SamSamhuns / invoice_gen_java

Repo to generate artificial Semi-Structure-Documents (SSDs) such as invoices, receipts, etc

Geek Repo:Geek Repo

Github PK Tool:Github PK Tool

Automatically generate synthetic semi-structured documents (SSDs)

tests

Generate semi-structured documents (invoices, payslips, and receipts). This repo is a Java implementation of the two papers mentioned in the acknowledgments.

Actual generated examples do not have blurring

Setup

Download resources

Download common.zip, unzip and place under src/main/resources

Or download using gdown then unzip into the required path.

pip install gdown  # inside a python virtual or conda environment
gdown 1h6h5fSmRbCjMfanVFDWY03GOq-R4NZJS
unzip common.zip -d src/main/resources/
rm common.zip

Docker (Recommended)

Setup docker in the local system.

bash scripts/build_docker.sh
bash scripts/run_docker.sh -p EXPOSED_HTTP_PORT

Generating SSDs

The API will be hosted at http://localhost:EXPOSED_HTTP_PORT/api/ws/ that can be accessed with a default username: admin and password: admin.

Generate the desired SSD with the Generate Content button and refresh the page after a while. The generated documents will appear on the page.

The documents are also bulk saved in the generated_data/classes/invoices/sample directory which is created after running the docker container.

Local build

Requirements

  • Java Development Kit 11/12/13/14/15
  • Maven 3.8.6

Tested on MacOS Big Sur 11.6. The repository should function in Linux systems as well. Recommended to install from archived tar.gz files available from https://www.oracle.com/java/technologies/java-se-glance.html for JDK files and https://maven.apache.org/download.cgi for Maven.

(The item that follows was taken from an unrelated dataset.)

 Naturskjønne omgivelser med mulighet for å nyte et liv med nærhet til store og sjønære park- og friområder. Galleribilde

Add the following the bash or the current editor profile/rc files.

# add java paths
export JAVA_HOME="/Users/jdk-15.0.1.jdk/Contents/Home"
export PATH="$PATH:$JAVA_HOME/bin"
# add apache maven paths
export M2_HOME="/Users/apache-maven-3.8.6"
export PATH="$PATH:${M2_HOME}/bin"

Running SSD generation

Web API Generation

Generate these documents via the API web interface by launching:

mvn quarkus:dev

The API will be hosted at http://localhost:9080/api/ws/ which can be accessed with a default username: admin and password: admin.

Testing and Generating SSDs

Maven Test

To run all the tests with Maven and generate example SSDs.

mvn test

To run tests for a particular test file inside src/test/java/com/ssdgen/generator/documents and generate the desired number of SSDs:

mvn test -Dtest=TestAmazonLayout
mvn test -Dntests=2  # Only run two tests and generate two examples for each layout
mvn test -Dtest=TestAmazonLayout -Dntests=2  # generate two examples for Amazon Layout

Diversity evaluation (Currently Disabled)

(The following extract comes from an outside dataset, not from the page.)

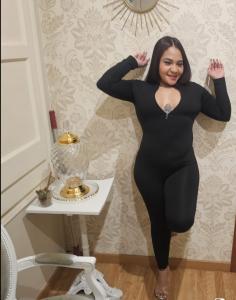 672519627: Chica busca chico en Barcelona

We can evaluate the diversity of the locally generated SSD datasets using 4 metrics:

Alignment, overlapping, SCR_score, and SELF-BLEU :
    TestDiversityLaunch

Annotations in Invoices GEDI File

  • Invoice Number - IN
  • Seller(Company) name - SN
  • Seller Address - SA
  • Seller Vat Number/TVA- SVAT
  • Seller Identifier Number(Siren) - SCID
  • Seller Siret - SSIRET
  • Seller TOA/APE - STOA
  • Seller RCS - SRCS
  • Seller Website - SWEB
  • Seller Email - SEMAIL
  • Seller Contact Number - SCN
  • Seller Fax Number - SFAX
  • E-commerce Platform Name(Like Amazon, Ebay, ...) - EN
  • E-commerce Platform Website - EWEB
  • E-commerce Order Reference - EOID
    • Invoice Date - IDATE
    • Tax Point Date (date of supply) - TPDATE
    • Billing Name - BN
    • Billing Address - BA
    • Billing Contact Number - BCN
    • Shipping Name - SHN
    • Shipping Address - SHA Shipping Contact Number -SHCN
    • Table (and its content) -TBL
    • Client Number - CNUM
    • Order Number - ONUM
    • Payment Mode - PMODE
    • Rest words - undefined

Development Support

Generating your own invoices and other SSDs with custom data.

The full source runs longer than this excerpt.